Print them exactly: the lines from the beginning of the entries below through the line that contains "27 Smith St, South", and only those, with the pictures left out.

(LISTED RECORDS begins)

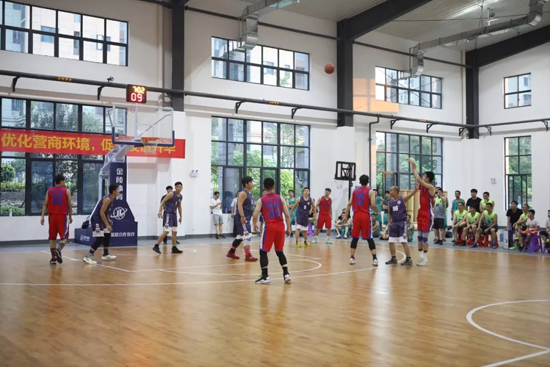 以球为媒，，，，，，首届“龙8头号玩家杯”篮球约请赛架起政企连心桥
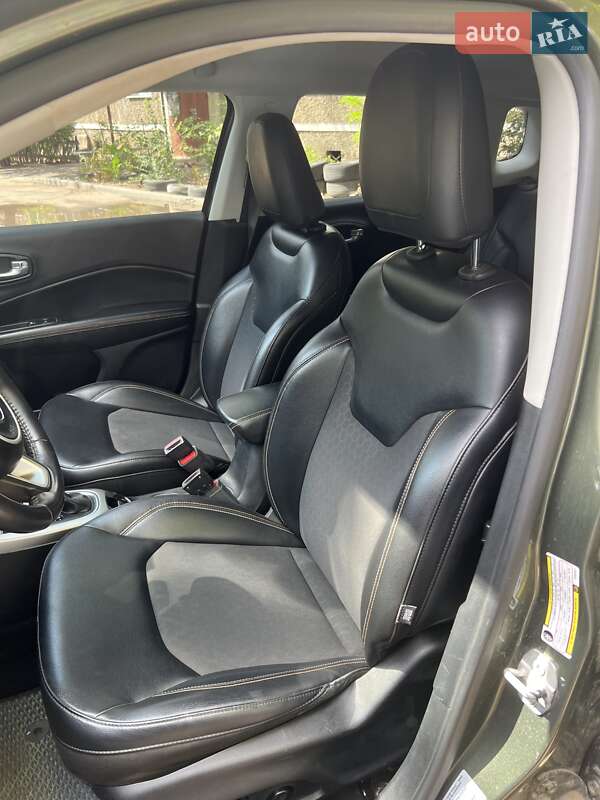 Внедорожник / Кроссовер Jeep Compass 2017 в Николаеве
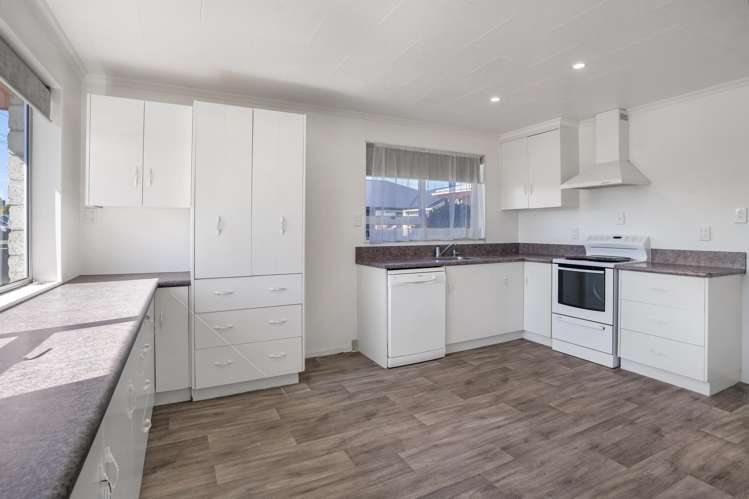 35 Dejoux Road Winton_3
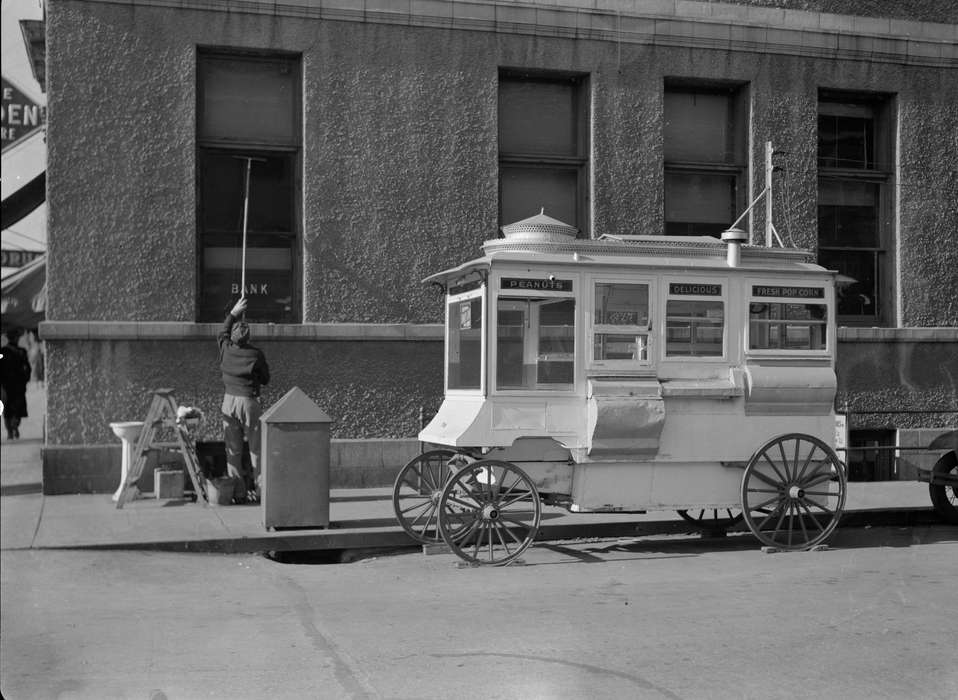 window washer, sidewalk, food cart, bank, Iowa History, peanuts, Iowa, history of Iowa, Library of Congress
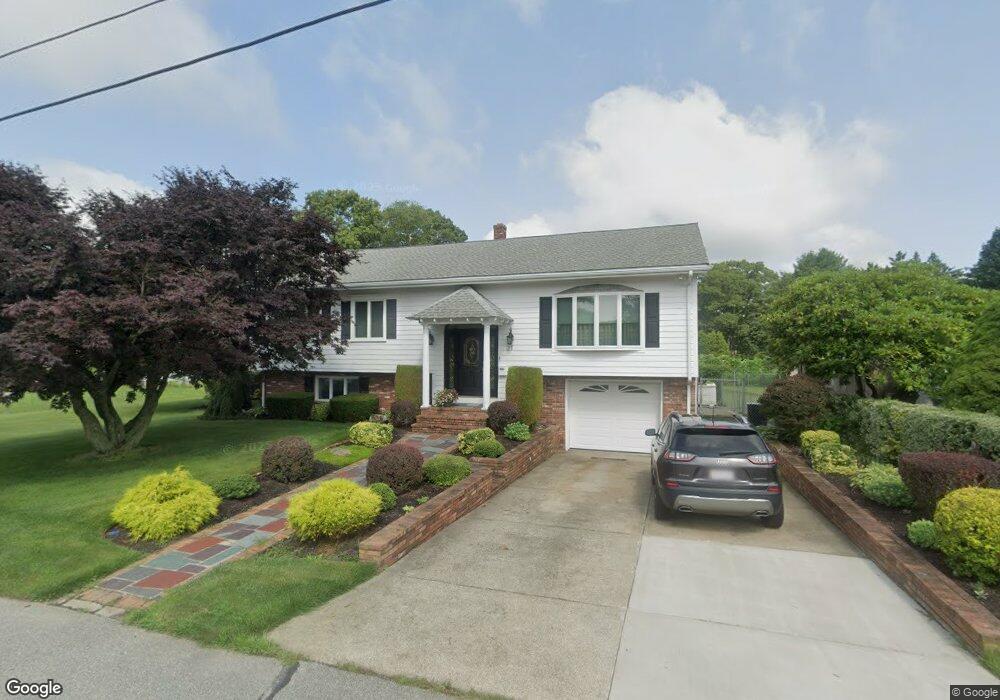 27 Smith St, South Dartmouth, MA 02748 - photo 1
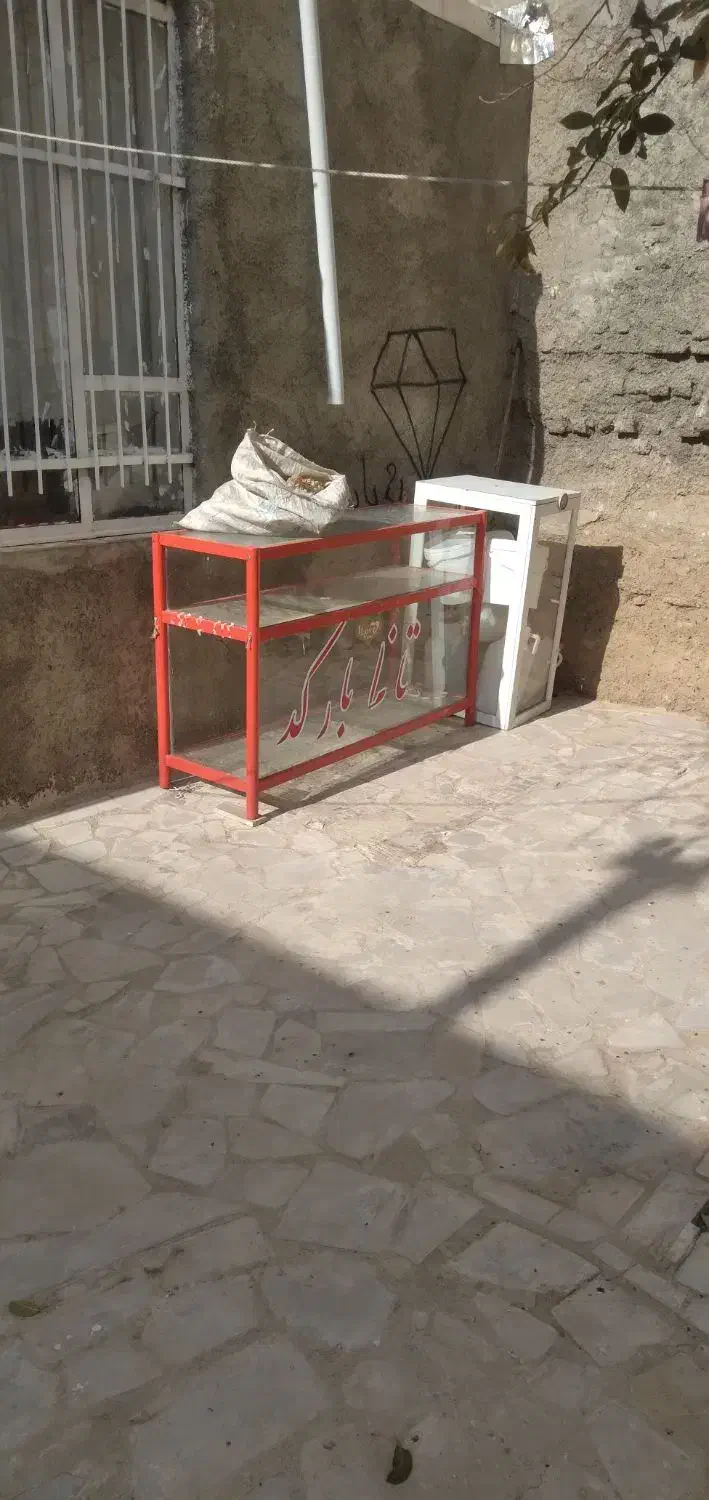 ویترین مغازه|فروشگاه و مغازه|نورآباد, |دیوار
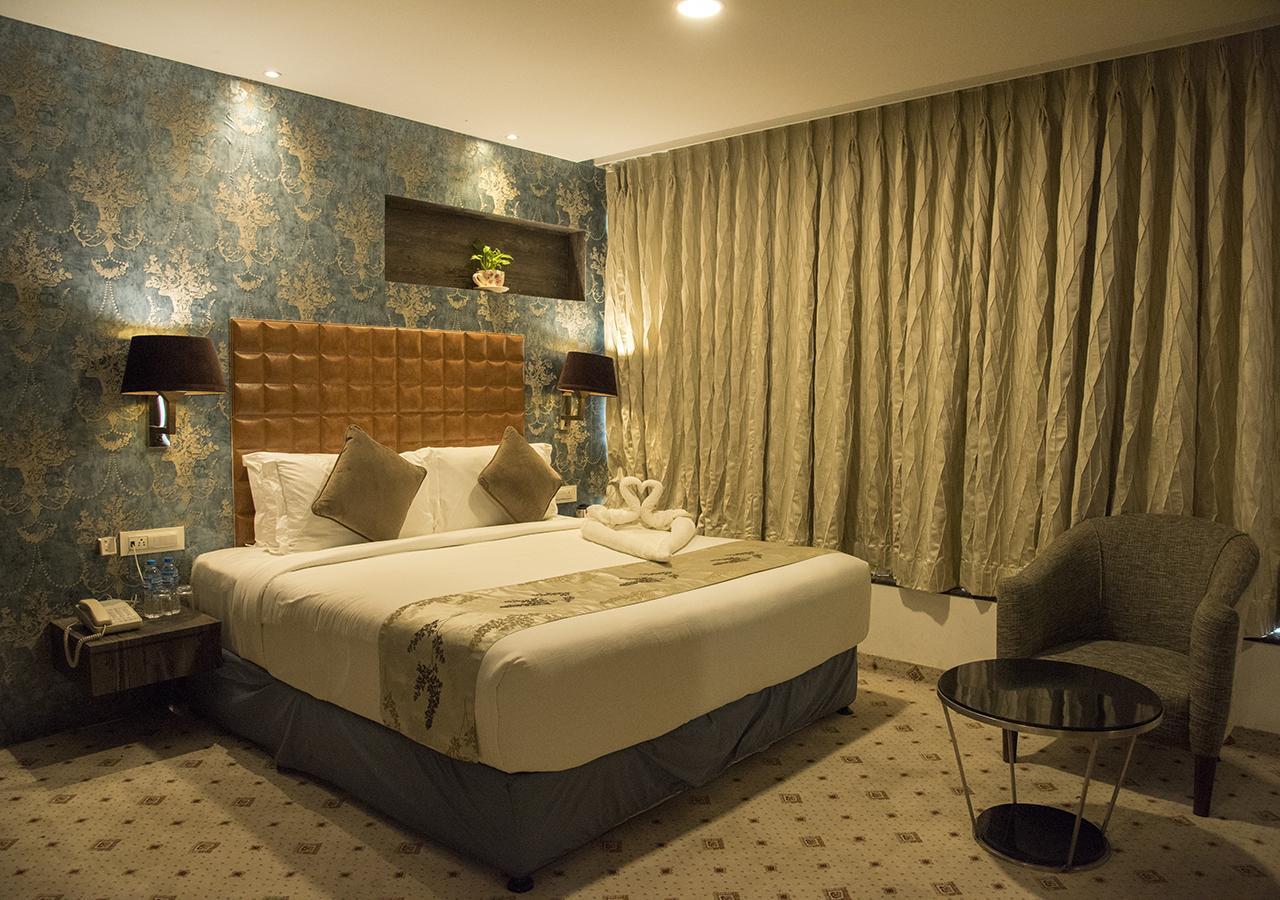 Regenta Central Hotel & Convention Centre Nagpur Ngoại thất bức ảnh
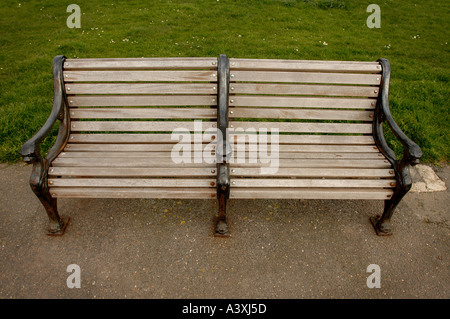 Un banc en bois sur un sentier dans un parc. Banque D'Images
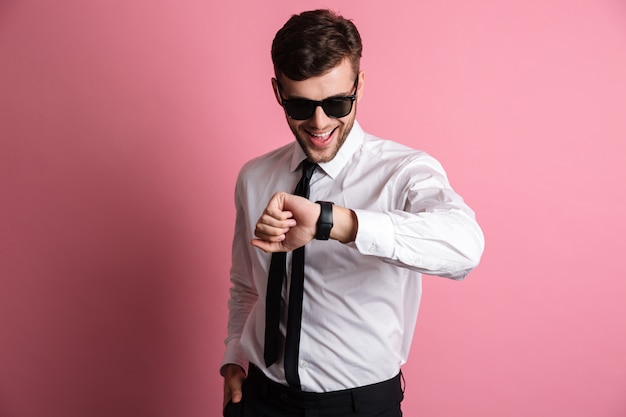 Retrato de un hombre atractivo sonriente en camisa blanca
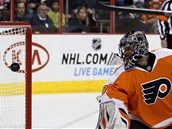NECHYTIL. Ilja Bryzgalov, brankář Philadelphie, inkasuje gól od Winnipegu. NECHYTIL. Ilja Bryzgalov, brankář Philadelphie, inkasuje gól od Winnipegu.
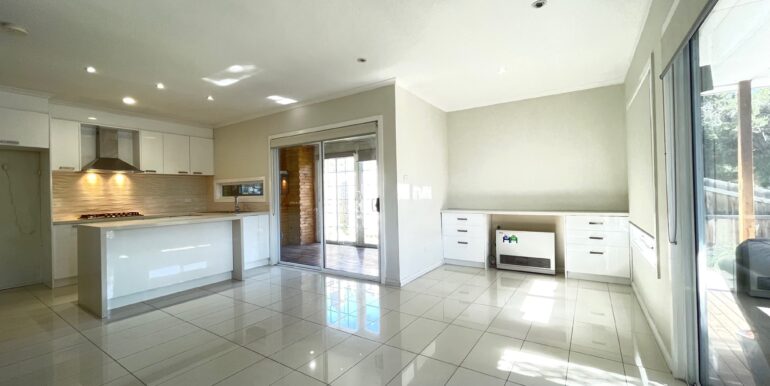23b Stirling st_open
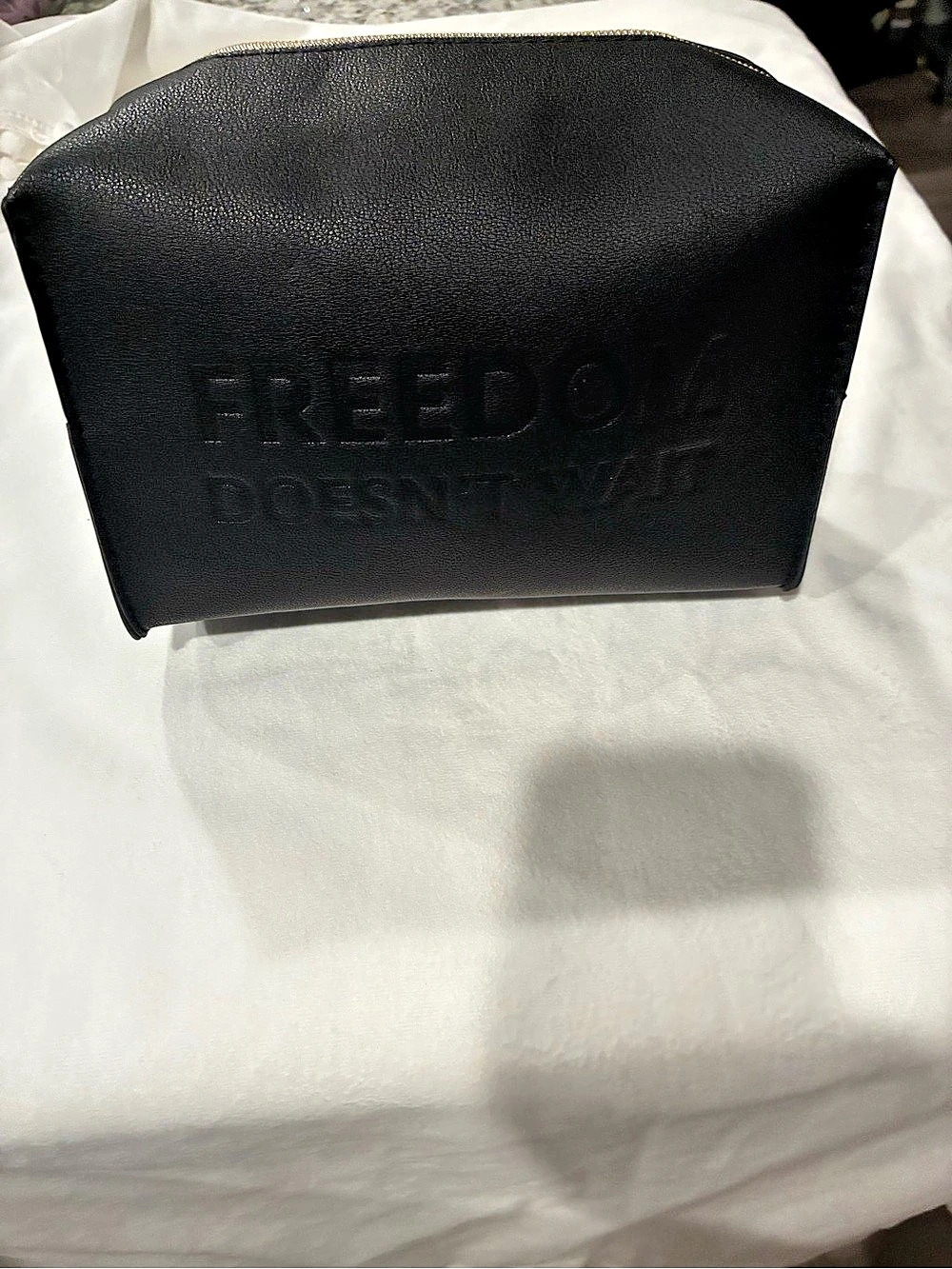 YSL Beauté Freedom Doesn't Wait Black Cosmetic Pouch Makeup Bag Gold Zip Eco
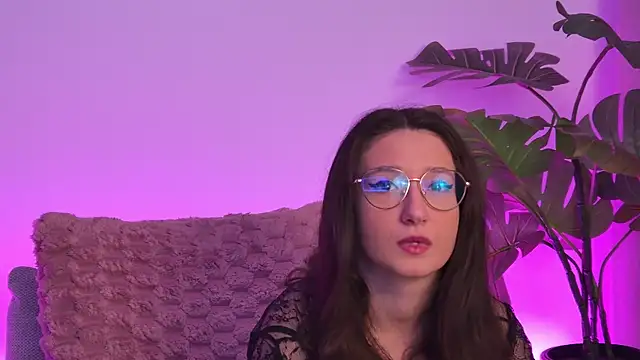 TheaMalekoo online show from April 16, 6:58 am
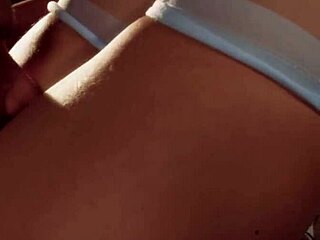 Madelyn Marie nagači kapitana v kokpitu med nočnim letom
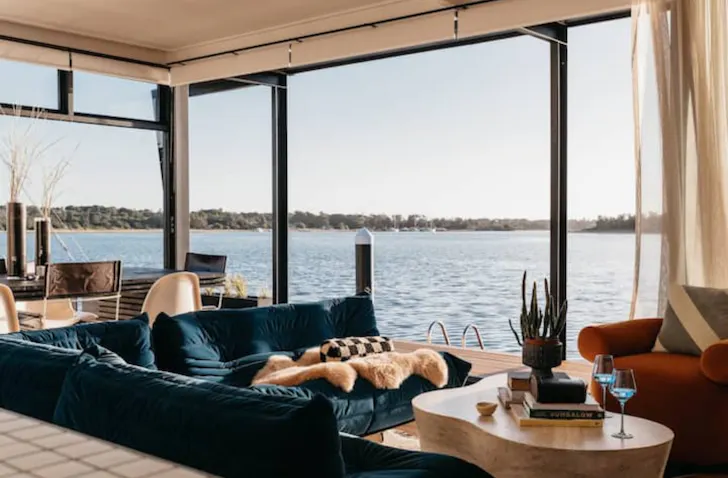 A stunning houseboat on Lakes Entrance.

(LISTED RECORDS ends)

▶ [EXPECTED ANSWER]:
 以球为媒，，，，，，首届“龙8头号玩家杯”篮球约请赛架起政企连心桥
 Внедорожник / Кроссовер Jeep Compass 2017 в Николаеве
 35 Dejoux Road Winton_3
 window washer, sidewalk, food cart, bank, Iowa History, peanuts, Iowa, history of Iowa, Library of Congress
 27 Smith St, South Dartmouth, MA 02748 - photo 1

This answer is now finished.